Altre, incentrate su un senso di appartenenza ad un gruppo raccontato ma non agito, su un individualismo spicciolo occhieggiante ad un collettivismo di maniera, sempre alla ricerca di diritti da esercitare e da doveri da disertare, risponderanno male. Con sofferenza, smarrimento, ritardata efficacia. Con un'implicazione in più. La sofferenza ed il senso di soffocamento che può prendere alla gola chi, vivendo in un contesto come quello appena più sopra descritto, appunto per cultura e tradizione non vi si riconosce appieno privilegiando sempre la responsabilità individuale ed il senso del dovere.
È una sensazione molto spiacevole. Perché già si sa che un parte del pericolo verrà dal prossimo. Il prossimo è quello adiacente; quello che adesso dovrebbe fare il suo dovere ed invece si fa i fatti suoi magari contravvenendo ai divieti, vendendo le mascherine sottobanco, privilegiando artisti, calciatori e chissà chi altro rispetto ai sanitari che lottano in prima fila. Ma non solo.

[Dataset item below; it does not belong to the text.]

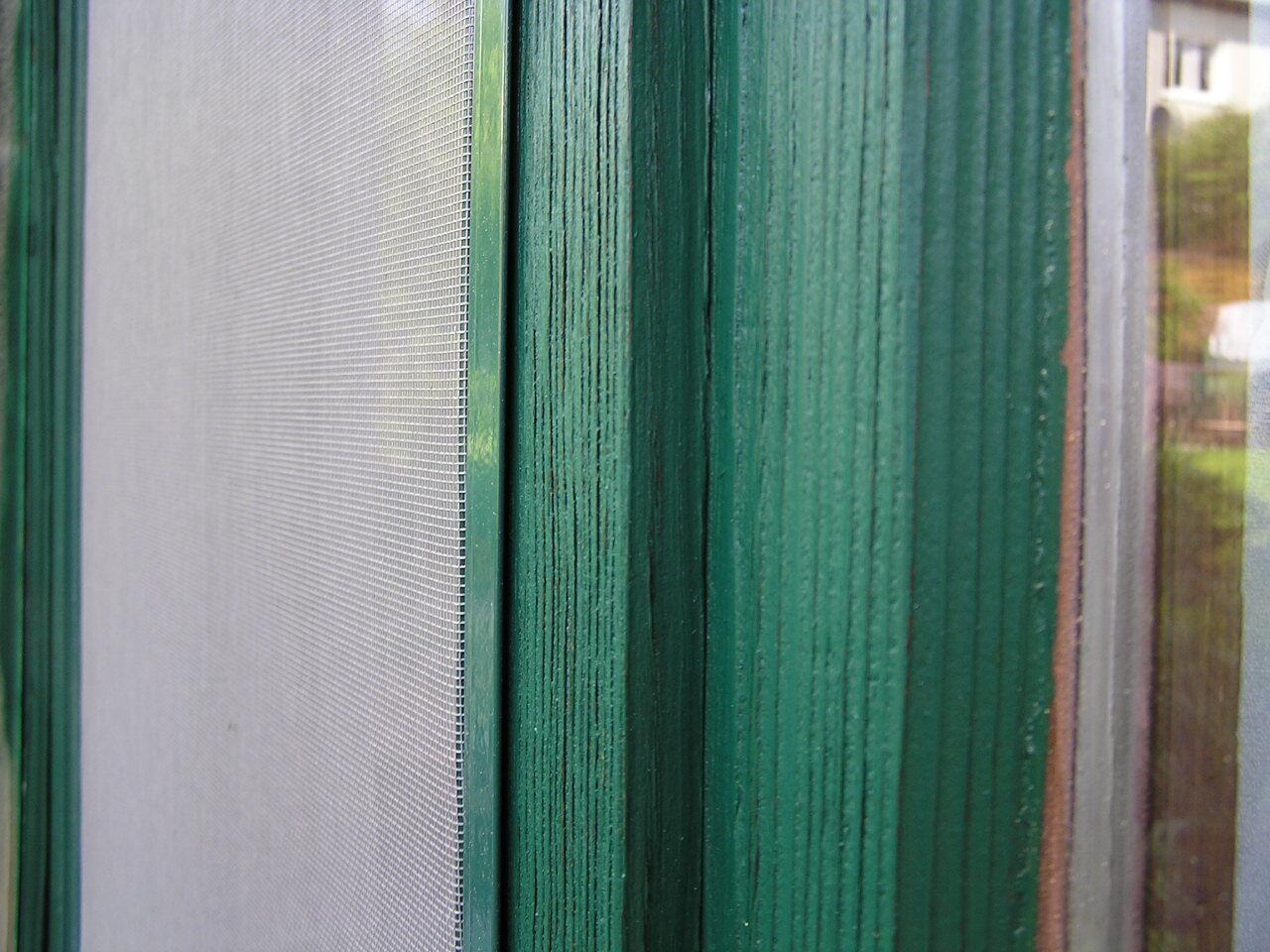 Insektenschutz für Holzfenster ohne Klebereste Kleber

Il prossimo è anche il principio di coerenza incoerente che attraversa tutta questa nostra strana società  la quale, anziché mettere ai posti di comando -quali che siano- i più preparati, ci piazza i “belli da TV”. Eroi dei talk show, primatisti del sorriso accattivante, campioni delle conferenze stampa.

Naturalmente non sempre è così, ma troppo spesso sì.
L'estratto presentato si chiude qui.